* _YOUR OBJECTIVE_
Everything in the listing except the pictures should be written out exactly.

* _DATASET EXTRACT_

►

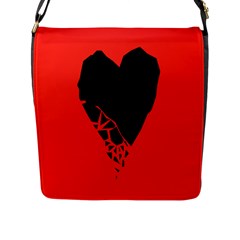 Broken Heart Tease Black Red Flap Messenger Bag (l)  by Mariart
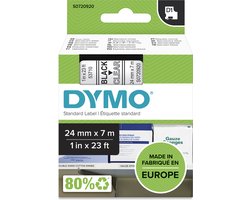 DYMO originele D1 labels | Zwarte Tekst op Doorzichtig Label | 24 mm x 7 m | zelfklevende etiketten voor de LabelManager labelprinter | gemaakt in Europa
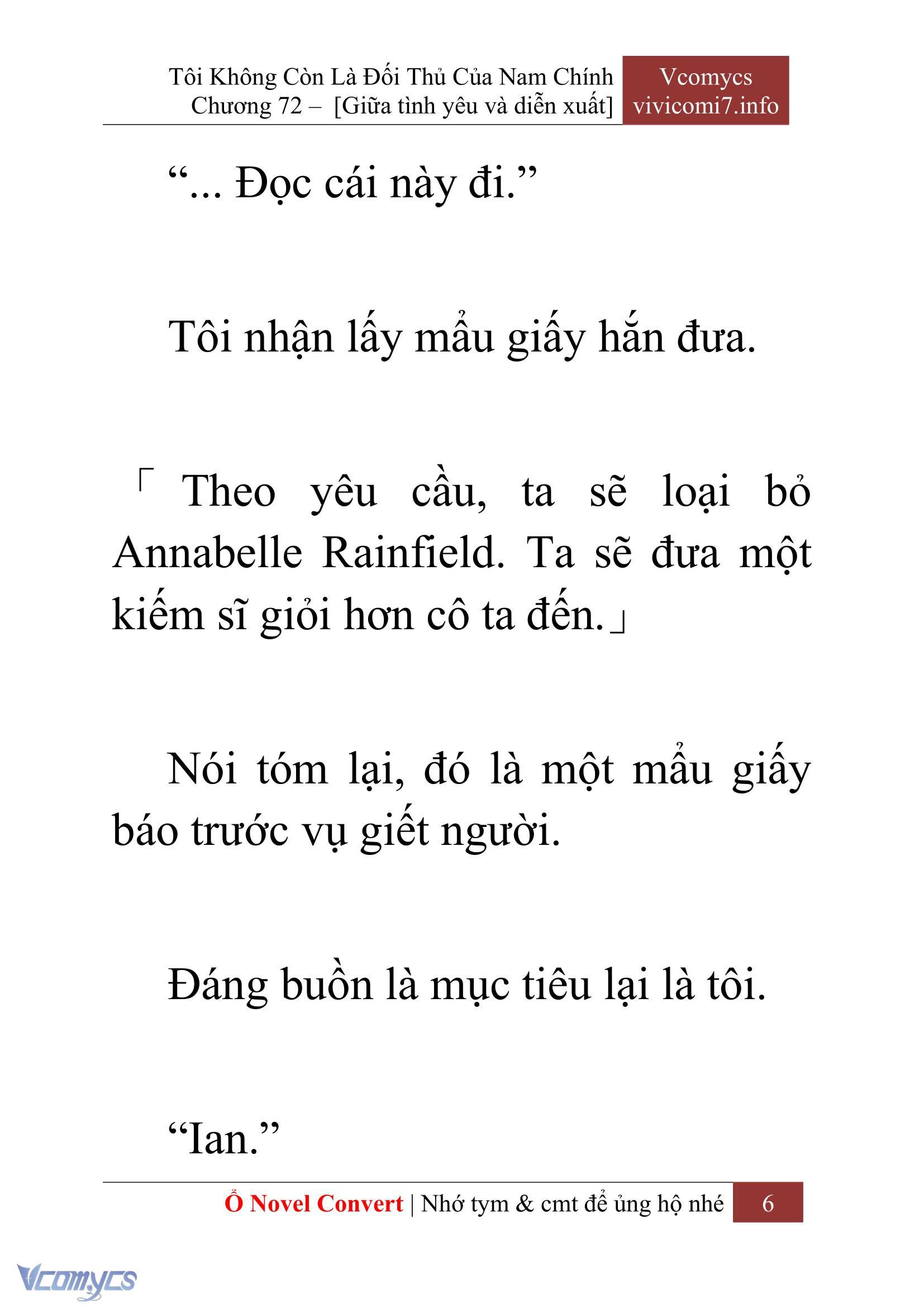 [Novel] Tôi Không Còn Là Đối Thủ Của Nam Chính Chap 72 - Next Chap 73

◄

* _RESULT FOR THIS EXERCISE_
 Broken Heart Tease Black Red Flap Messenger Bag (l)  by Mariart
 DYMO originele D1 labels | Zwarte Tekst op Doorzichtig Label | 24 mm x 7 m | zelfklevende etiketten voor de LabelManager labelprinter | gemaakt in Europa
 [Novel] Tôi Không Còn Là Đối Thủ Của Nam Chính Chap 72 - Next Chap 73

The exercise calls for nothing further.